I. WE HAVE HERE THE CHARACTER OF AN UPRIGHT MAN, SKETCHED BY HIMSELF. It may not be a very wholesome exercise for a man to be engaged in - to sketch a moral portraiture of himself. Painters have often painted their own portraits; that requires but an outward gaze on one's outer self; but to delineate one's own likeness morally requires much introspection. Few can carry on much of that without becoming morbid through the process; and fewer still, perhaps, have fidelity enough to do it adequately and correctly. Yet there may be circumstances under which such abnormal work becomes even necessary (as we shall point out presently). And when such is the case, it is well if we can honestly point to such features of character and life as are presented to us here.

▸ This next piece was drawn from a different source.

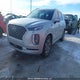 KM8R5DHE1MU282692 2021 Hyundai Palisade Limited auction photo thumbnail 2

1. The psalmist has a goodly foundation on which his life was built up.

(1) Trust in Jehovah (ver. 1).

(2) God's loving-kindness (ver. 3).

(3) God's truth (ver. 3); i.e. God's faithfulness.

Note: That all the supports of the psalmist's integrity were outside himself. Happy is the man that, under all the circumstances of life, can stay his mind and heart on Divine faithfulness and love. If such underlying props cease to sustain, moral and spiritual worth will soon pine from lack of motive and hope. It is one of the evils of the day that some of our most popular novelists delineate religion without God.

2. The life built up on this foundation was one which may with advantage be imitated. It was a life of:

(1) Integrity (ver. 11).

(2) Straightforward progress (ver. 1). No sliding.

(3) Avoidance of evil associations (vers. 4, 5).

(4) Cultivation of holy worship, song, and thanksgiving in the sanctuary (vers. 6-8, 12).


(a) Those to whom God is the support of their life, will show a life worthy of such support.

(b) Those who most value communion with God and a life hidden with him, will most fully appreciate and most diligently cultivate that stimulus and comfort which come from mingling with God's people in the worship of the sanctuary.

II. THE MOST UPRIGHT OF MEN MAY BE MISUNDERSTOOD, UNAPPRECIATED, MISREPRESENTED, AND ASSAILED. Speaking roughly and generally, it is no doubt true that, on the whole, a man's reputation will be the reflection of what he is, and that most men go for what they are worth. And yet, so long as there are envious hearts, jealous dispositions, unbridled tongues, few can be regarded as absolutely safe from detraction and slander. Our Lord Jesus implies and even states as much as this (cf. Matthew 5:44; Matthew 10:25; Matthew 18:6, 7; John 15:18). See Peter's words (1 Peter 2:12; 1 Peter 4:14); see Paul's words (Romans 12:18, 19). Paul had to boar much in the way of depreciation from some who even denied his apostleship. Job was surrounded with "miserable comforters," who thought, by defaming him, to defend God! Such trials are hard to bear. They may arise

(1) from the occasional foibles of a good man being magnified by the slanderer into sins;

(2) from the utter impossibility of bad men reading aright the character of the just and pure. Having no virtue themselves, they cannot credit others with any. "Doth Job fear God for nought?" "He hath a devil," etc. Many can say the words in Psalm 56:5.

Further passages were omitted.